__TASK TO COMPLETE__
Repeat the records below exactly from the line containing "vector illustration of" to the line containing "Silver Metal Joy Buckets, Set of 3", taking in both of those lines. Drop the pictures.

__STUDY MATERIAL__

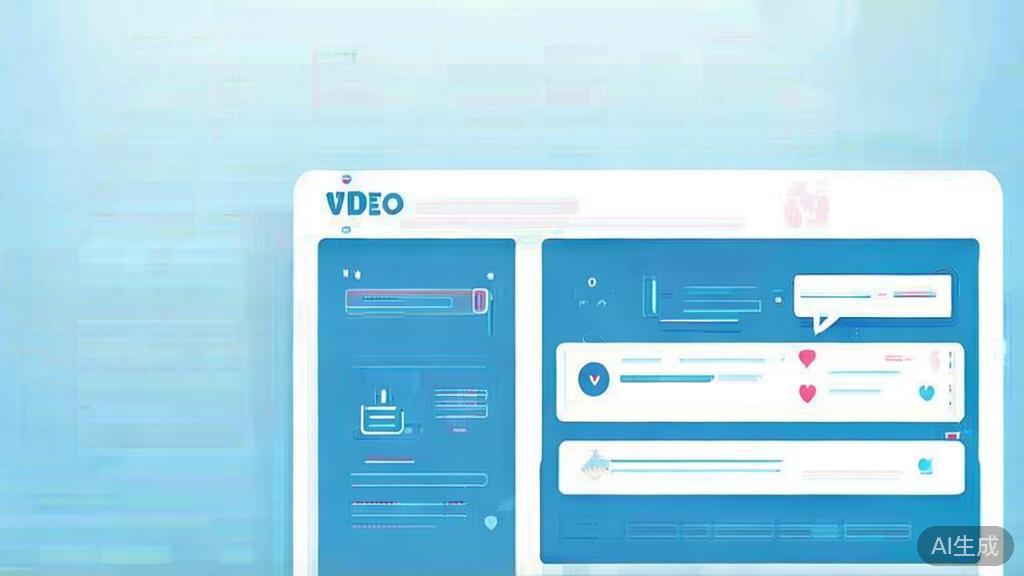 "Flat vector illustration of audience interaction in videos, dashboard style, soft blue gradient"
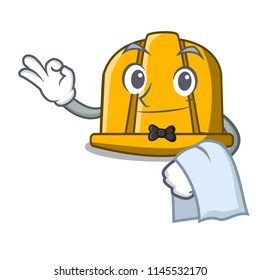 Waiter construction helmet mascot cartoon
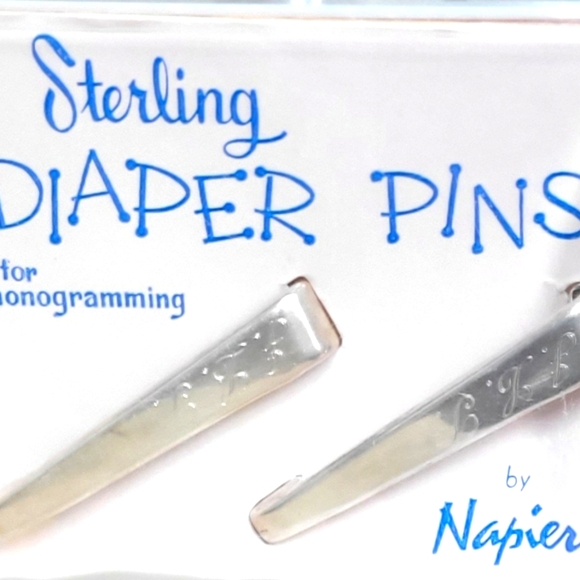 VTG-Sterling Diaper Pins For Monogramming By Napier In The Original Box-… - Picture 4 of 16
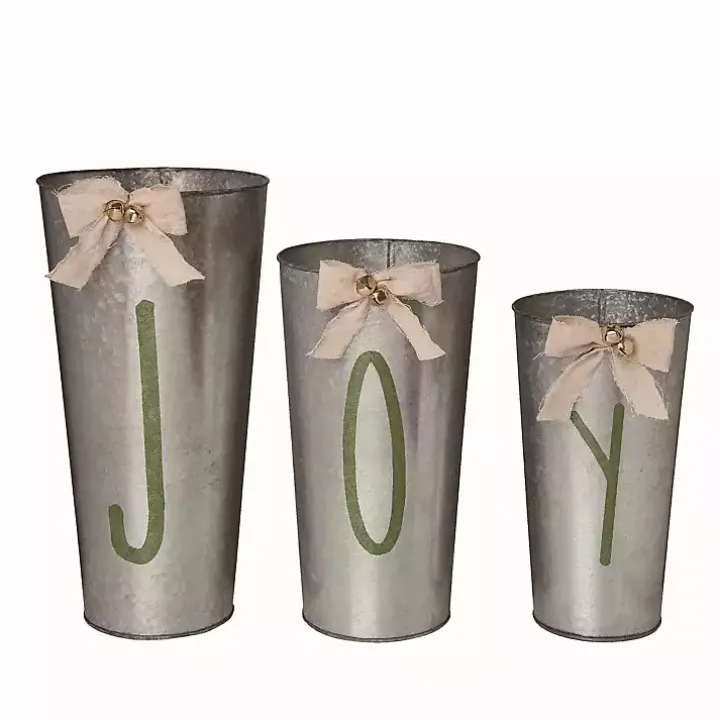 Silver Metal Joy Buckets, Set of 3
* * *
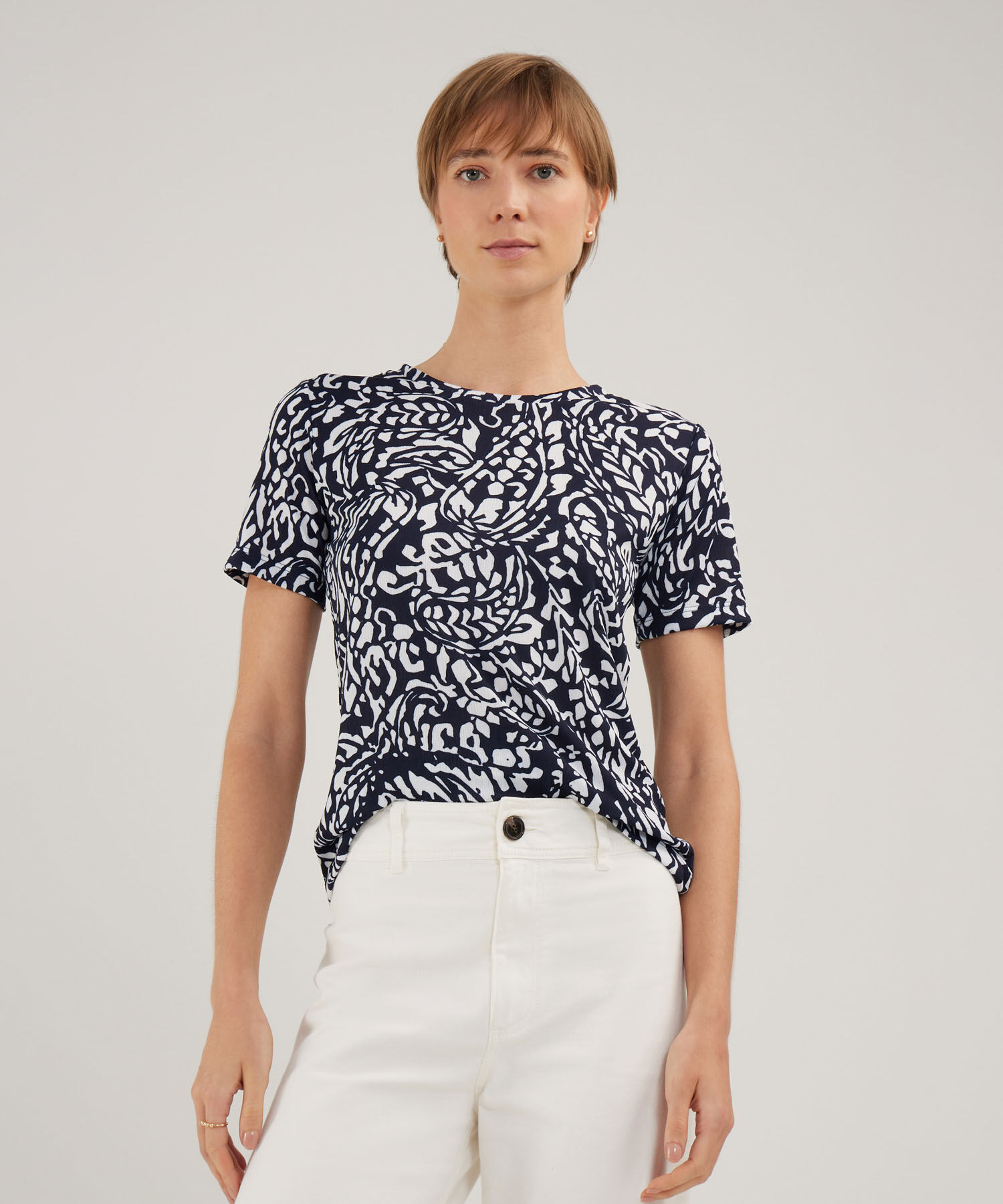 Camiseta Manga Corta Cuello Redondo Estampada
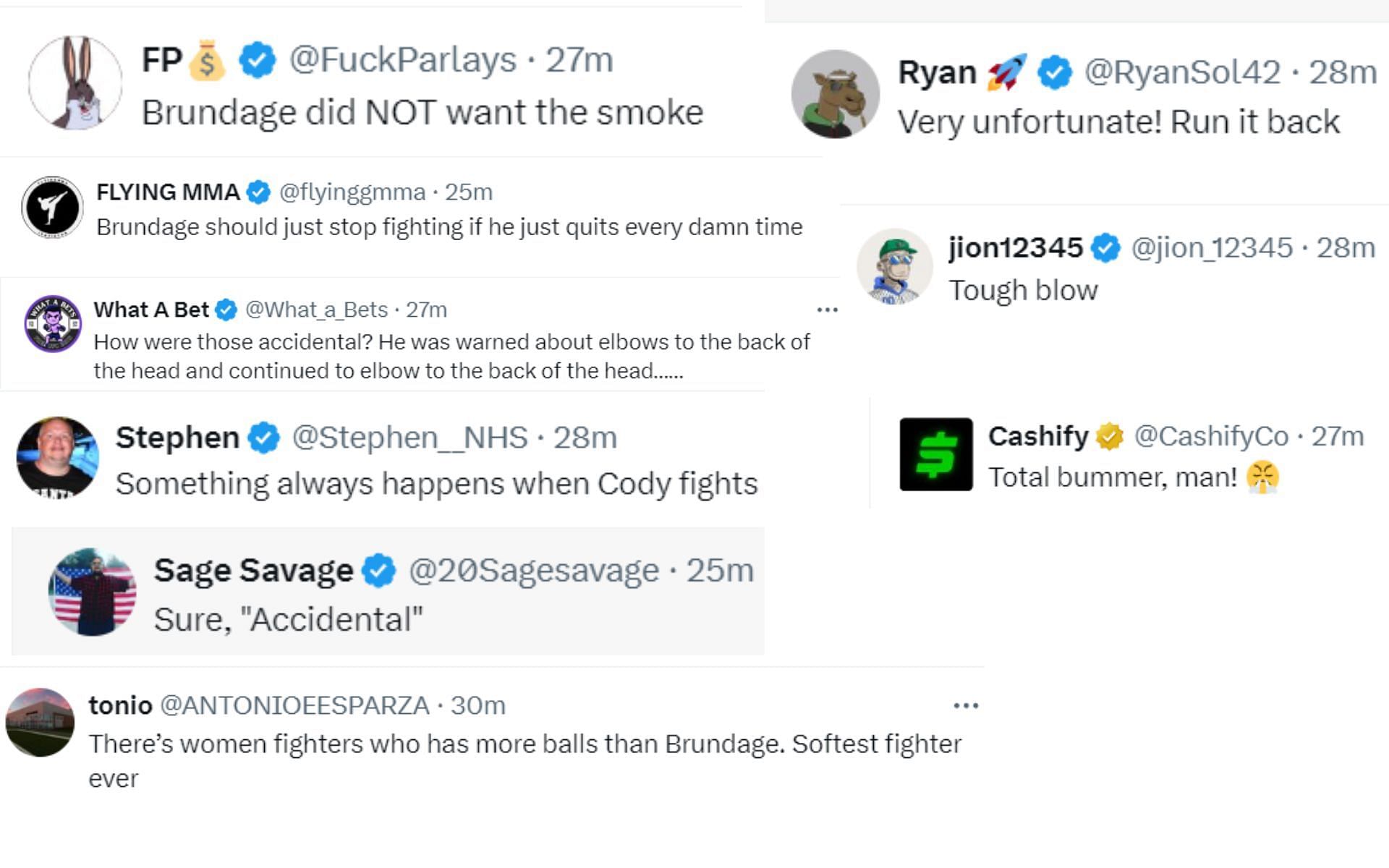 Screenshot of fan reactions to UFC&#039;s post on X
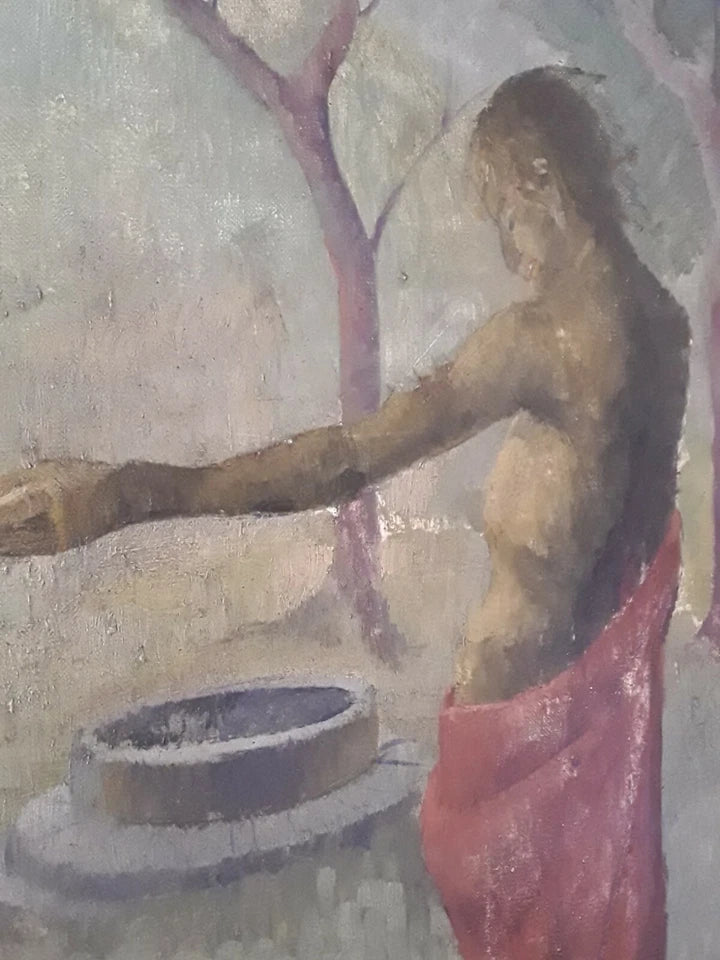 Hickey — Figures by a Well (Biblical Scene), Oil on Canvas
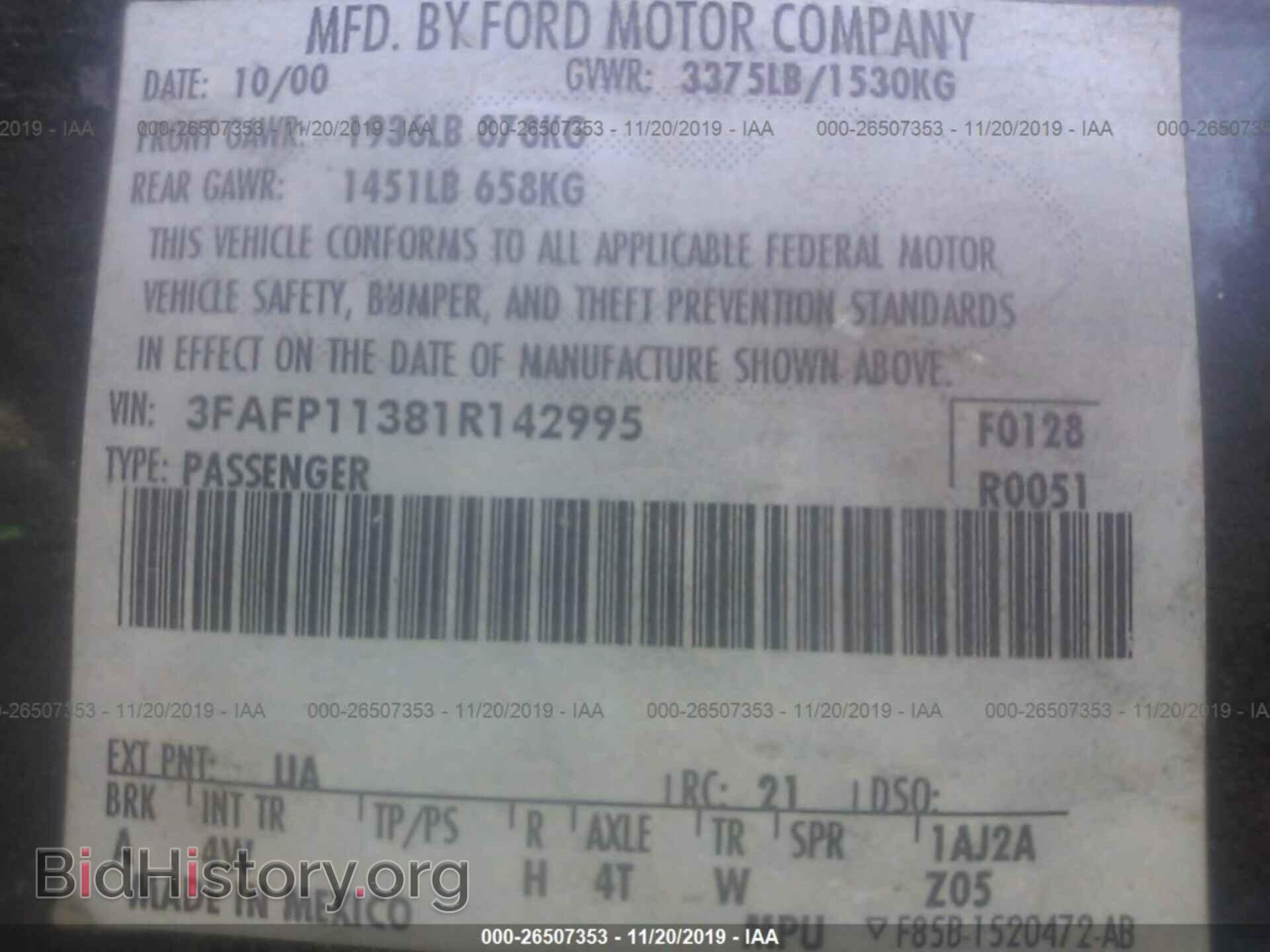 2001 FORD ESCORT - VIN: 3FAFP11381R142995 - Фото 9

__YOUR SOLUTION__
 "Flat vector illustration of audience interaction in videos, dashboard style, soft blue gradient"
 Waiter construction helmet mascot cartoon
 VTG-Sterling Diaper Pins For Monogramming By Napier In The Original Box-… - Picture 4 of 16
 Silver Metal Joy Buckets, Set of 3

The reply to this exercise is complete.